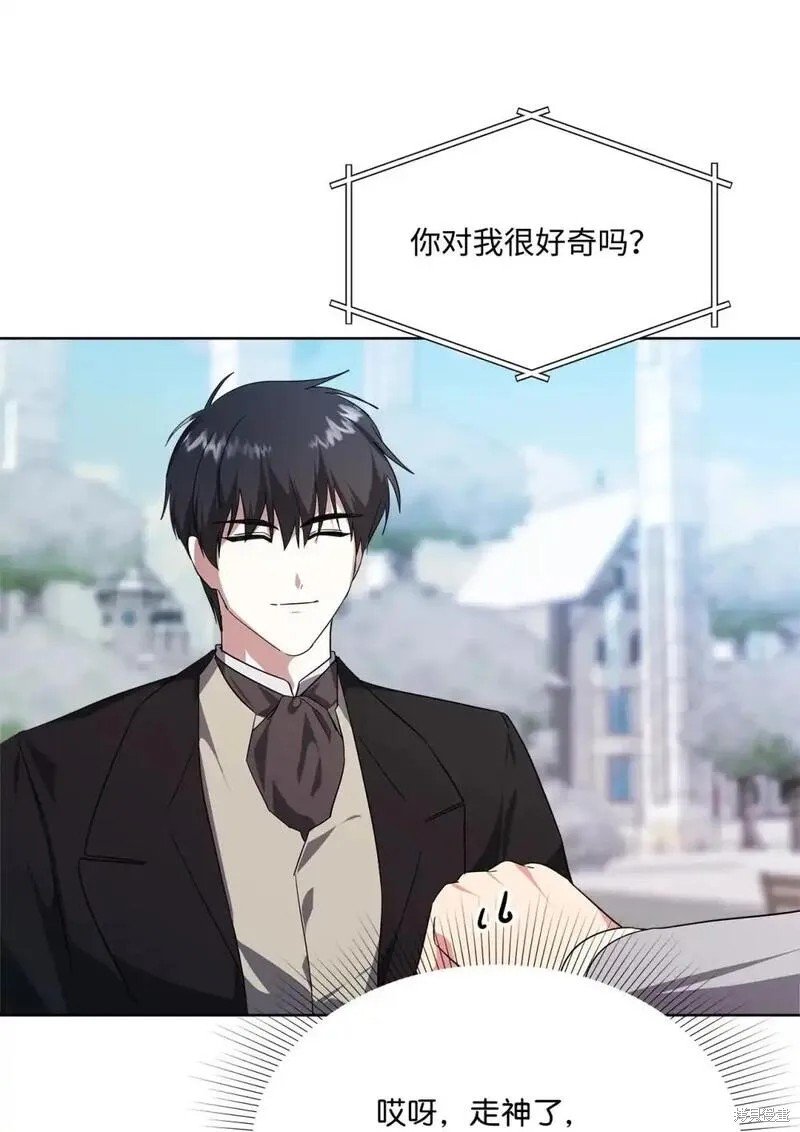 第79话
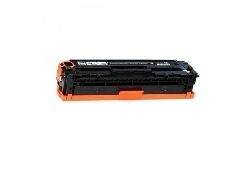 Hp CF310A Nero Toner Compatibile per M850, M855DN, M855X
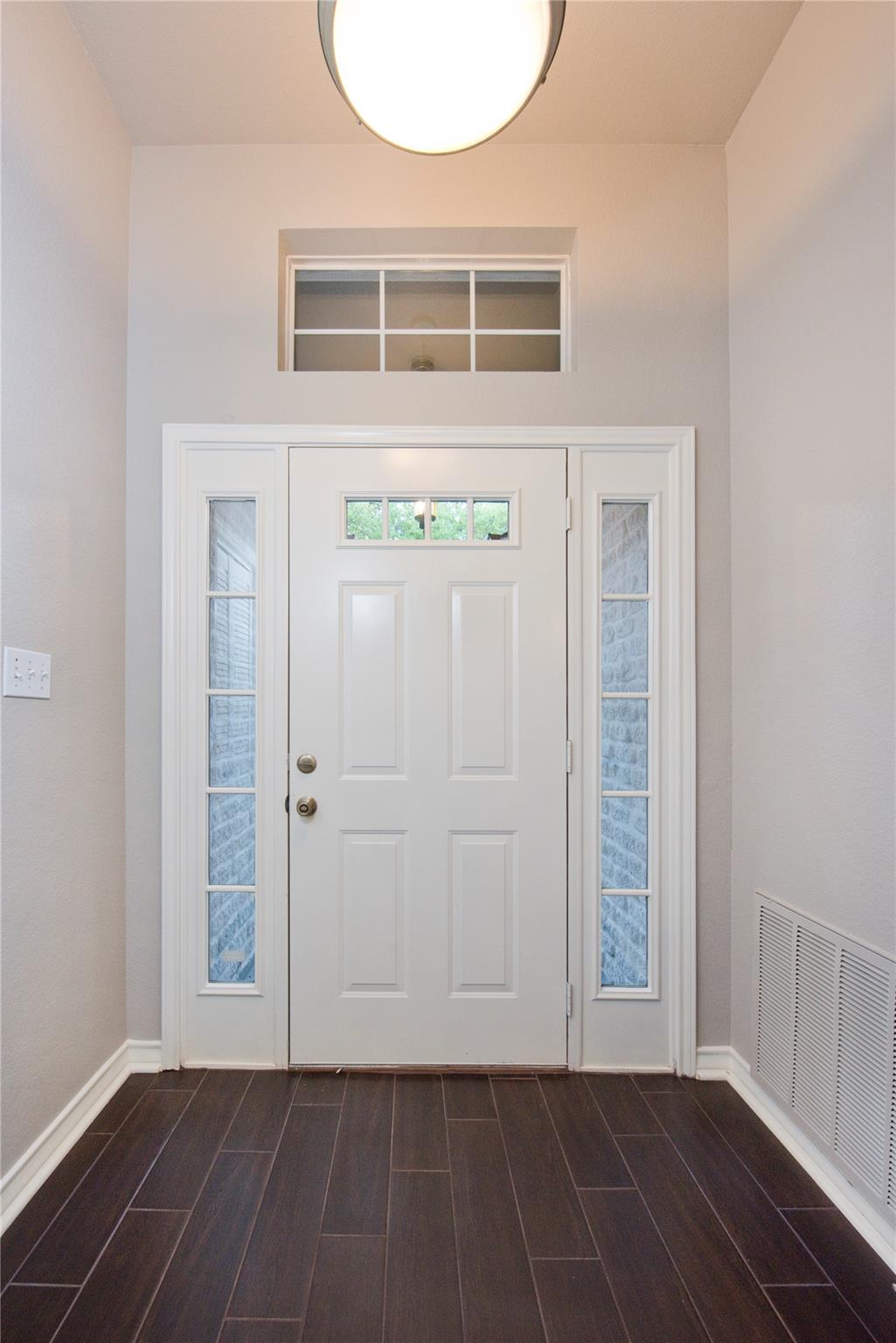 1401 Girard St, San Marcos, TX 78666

----

What you should do:
Leave out the images and write out the listing above exactly.

Task answer:
 第79话
 Hp CF310A Nero Toner Compatibile per M850, M855DN, M855X
 1401 Girard St, San Marcos, TX 78666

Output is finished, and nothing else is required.